(Data excerpts)
Segment Open

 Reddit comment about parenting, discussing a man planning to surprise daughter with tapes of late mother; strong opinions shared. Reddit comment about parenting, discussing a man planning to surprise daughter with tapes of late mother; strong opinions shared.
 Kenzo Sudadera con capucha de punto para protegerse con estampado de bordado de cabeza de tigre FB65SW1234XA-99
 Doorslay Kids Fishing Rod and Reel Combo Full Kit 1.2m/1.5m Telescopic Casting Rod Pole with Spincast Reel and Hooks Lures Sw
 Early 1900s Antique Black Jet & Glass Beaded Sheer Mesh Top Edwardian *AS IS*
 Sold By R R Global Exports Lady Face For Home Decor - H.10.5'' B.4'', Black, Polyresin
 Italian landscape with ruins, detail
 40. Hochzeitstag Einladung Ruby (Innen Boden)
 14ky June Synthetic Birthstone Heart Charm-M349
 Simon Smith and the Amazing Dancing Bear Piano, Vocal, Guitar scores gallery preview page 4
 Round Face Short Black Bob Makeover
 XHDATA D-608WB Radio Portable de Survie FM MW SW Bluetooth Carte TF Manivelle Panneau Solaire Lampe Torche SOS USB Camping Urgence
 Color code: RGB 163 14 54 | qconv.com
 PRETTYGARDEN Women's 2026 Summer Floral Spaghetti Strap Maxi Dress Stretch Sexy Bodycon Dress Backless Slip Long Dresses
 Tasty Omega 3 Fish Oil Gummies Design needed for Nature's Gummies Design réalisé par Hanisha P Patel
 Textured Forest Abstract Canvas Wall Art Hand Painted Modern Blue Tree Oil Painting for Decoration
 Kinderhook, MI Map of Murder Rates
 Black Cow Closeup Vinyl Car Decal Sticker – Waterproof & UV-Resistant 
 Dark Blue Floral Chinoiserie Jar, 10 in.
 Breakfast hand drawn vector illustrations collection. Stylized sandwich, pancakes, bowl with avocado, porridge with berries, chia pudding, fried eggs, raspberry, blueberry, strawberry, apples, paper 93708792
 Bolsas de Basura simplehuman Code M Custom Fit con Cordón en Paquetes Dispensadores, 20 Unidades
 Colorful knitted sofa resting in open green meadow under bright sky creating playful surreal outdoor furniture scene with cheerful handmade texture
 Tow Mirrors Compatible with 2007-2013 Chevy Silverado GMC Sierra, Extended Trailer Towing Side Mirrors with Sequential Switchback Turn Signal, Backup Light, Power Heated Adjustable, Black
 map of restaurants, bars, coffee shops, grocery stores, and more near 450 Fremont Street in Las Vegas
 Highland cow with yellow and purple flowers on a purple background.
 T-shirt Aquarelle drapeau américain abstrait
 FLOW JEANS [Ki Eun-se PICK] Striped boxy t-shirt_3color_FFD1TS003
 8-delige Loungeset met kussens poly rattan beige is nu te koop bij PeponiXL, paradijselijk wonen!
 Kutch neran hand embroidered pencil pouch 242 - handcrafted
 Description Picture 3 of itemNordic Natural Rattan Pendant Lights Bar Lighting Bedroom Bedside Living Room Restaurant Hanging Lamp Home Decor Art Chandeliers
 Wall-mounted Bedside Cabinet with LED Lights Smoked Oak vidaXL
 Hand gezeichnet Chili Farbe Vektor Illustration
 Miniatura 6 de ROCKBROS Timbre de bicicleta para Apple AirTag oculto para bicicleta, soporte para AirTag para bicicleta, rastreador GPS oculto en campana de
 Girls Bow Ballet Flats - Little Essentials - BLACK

Segment Closed

**PROMPT:** Set down exactly what runs from the line containing "Wall-mounted Bedside Cabinet" through the last line above, both lines included.

**REPLY TO THE TASK:**
 Wall-mounted Bedside Cabinet with LED Lights Smoked Oak vidaXL
 Hand gezeichnet Chili Farbe Vektor Illustration
 Miniatura 6 de ROCKBROS Timbre de bicicleta para Apple AirTag oculto para bicicleta, soporte para AirTag para bicicleta, rastreador GPS oculto en campana de
 Girls Bow Ballet Flats - Little Essentials - BLACK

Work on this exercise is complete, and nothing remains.